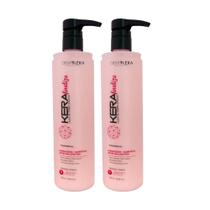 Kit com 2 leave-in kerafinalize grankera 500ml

---

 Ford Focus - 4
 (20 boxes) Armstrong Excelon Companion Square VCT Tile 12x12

=== Work task ===
Using the entries above, repeat only the lines from the one containing "Ford Focus - 4" through the one containing "(20 boxes) Armstrong", end lines included.

=== Answer to the exercise ===
 Ford Focus - 4
 (20 boxes) Armstrong Excelon Companion Square VCT Tile 12x12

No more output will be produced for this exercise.